» EXERCISE
Every line from the one containing "Schönes mädchen mit einem hund" to the end of the records below must be copied exactly, and no pictures may be included.

» Caption-style text data
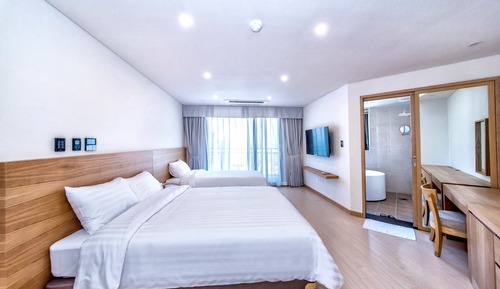 Deluxe Room, Multiple Beds, Bathtub, Harbor View (Deluxe)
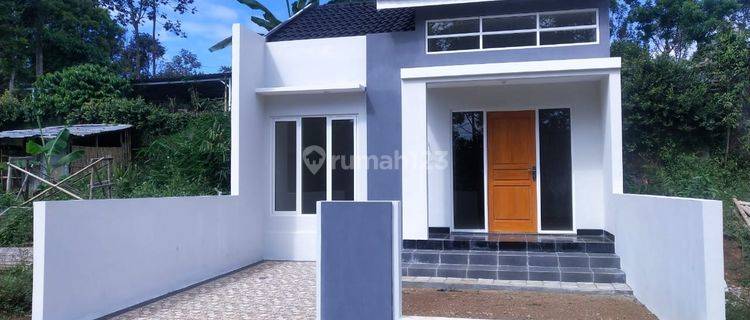 Rumah Salatiga Ready  Siap Huni Belakang Rs. Paru² 1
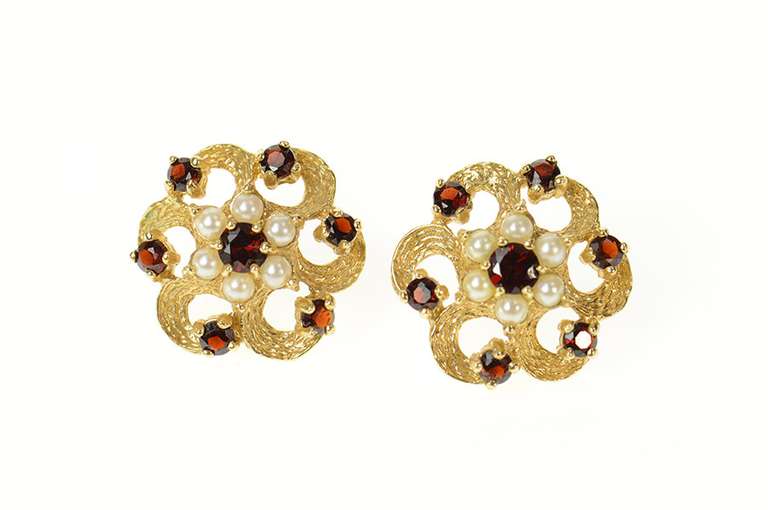 10K Yellow Gold 1960's Retro Garnet Pearl Swirl Stud Earrings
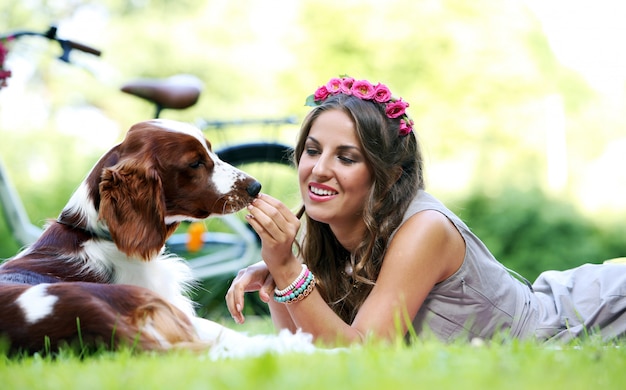 Schönes mädchen mit einem hund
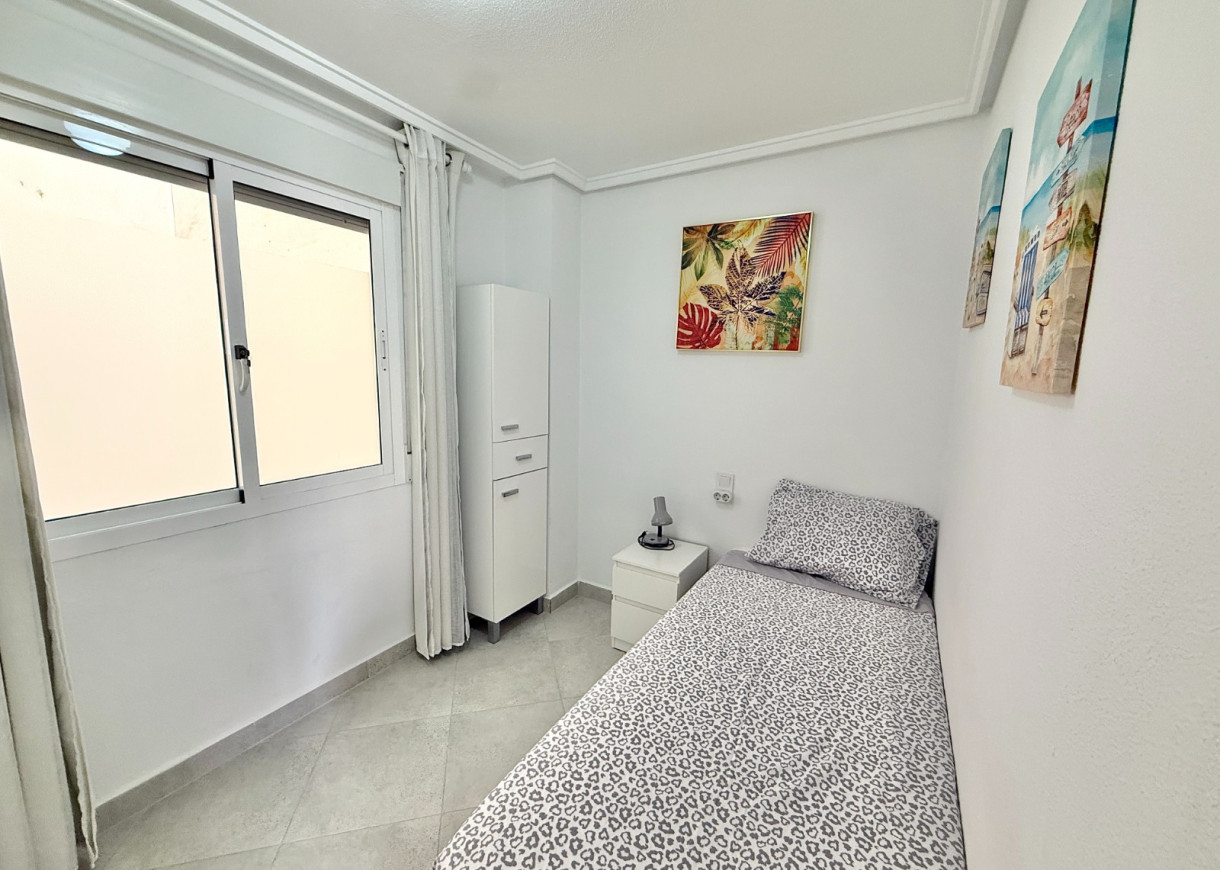 Resale - Apartment - Torrevieja - Centro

» EXERCISE RESULT
 Schönes mädchen mit einem hund
 Resale - Apartment - Torrevieja - Centro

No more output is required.